Would you transcribe the records below from the line with "Used 2025 Kia" to the line with "427 Lindsey St", ends included, exactly and with nothing more, leaving the pictures out?

The records:
###
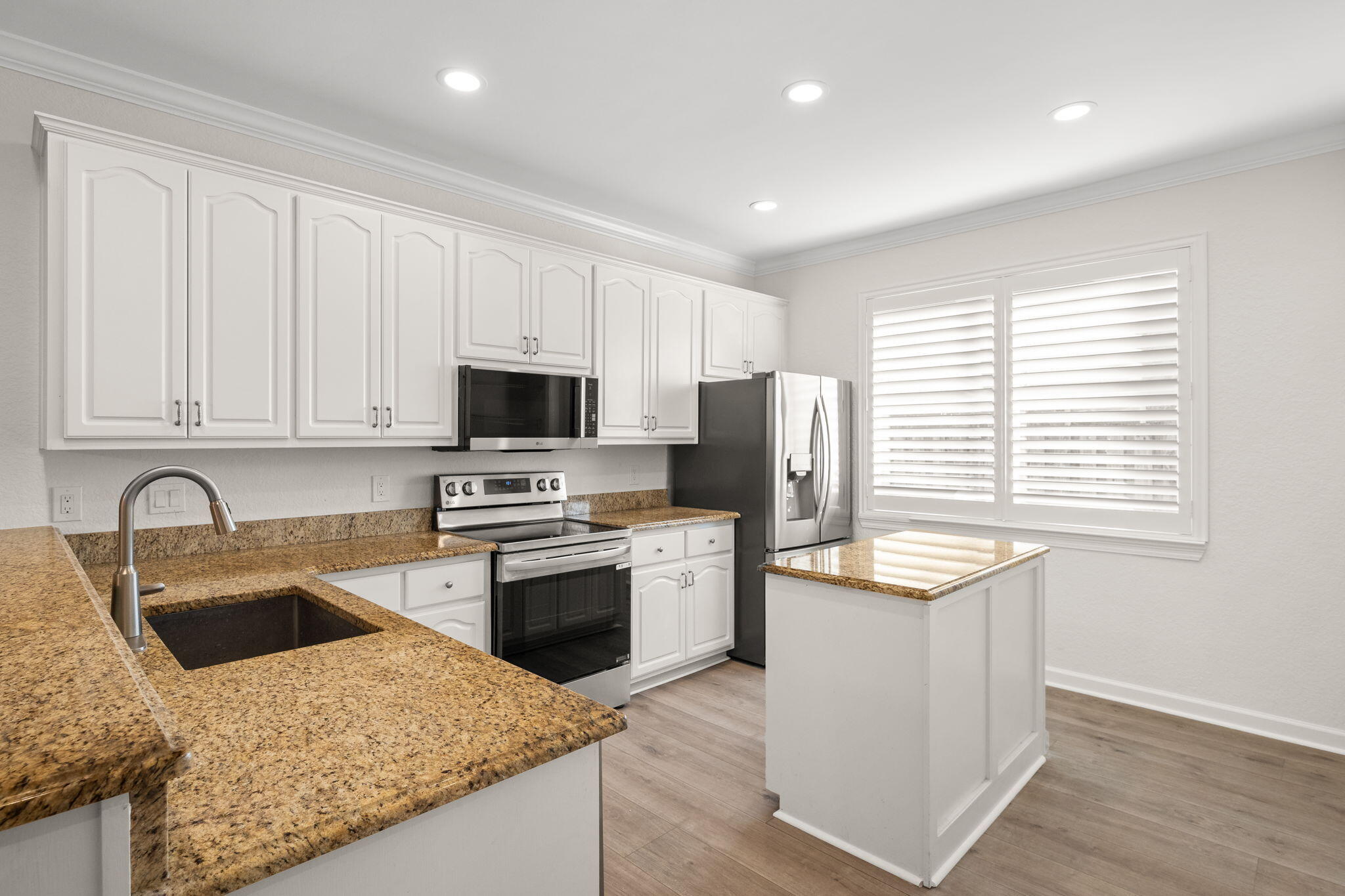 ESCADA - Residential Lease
###
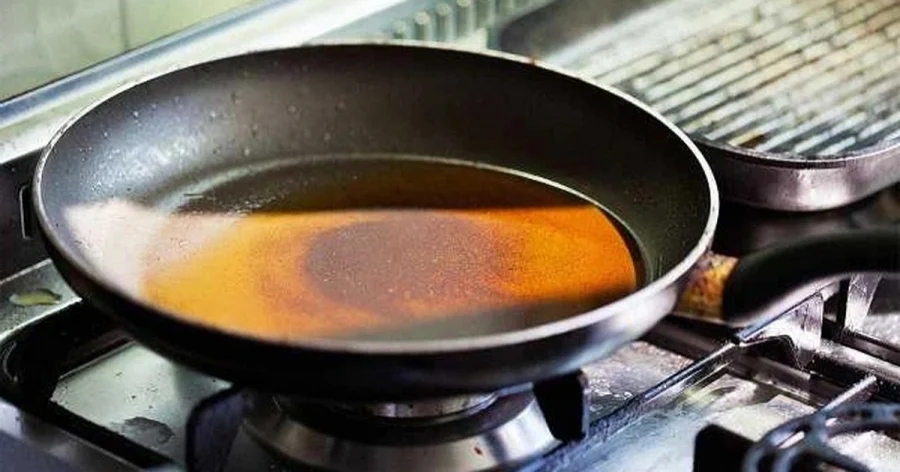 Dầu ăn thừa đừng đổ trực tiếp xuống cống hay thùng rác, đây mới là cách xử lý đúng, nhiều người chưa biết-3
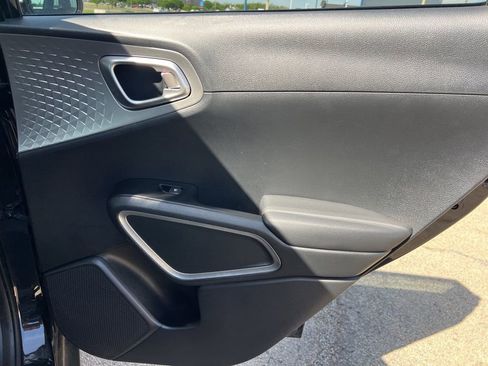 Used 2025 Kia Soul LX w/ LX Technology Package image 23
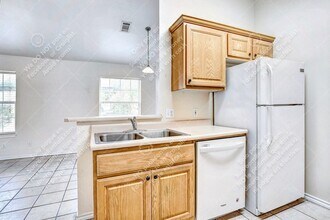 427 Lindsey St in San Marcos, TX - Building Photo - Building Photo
###
Answer box:
 Used 2025 Kia Soul LX w/ LX Technology Package image 23
 427 Lindsey St in San Marcos, TX - Building Photo - Building Photo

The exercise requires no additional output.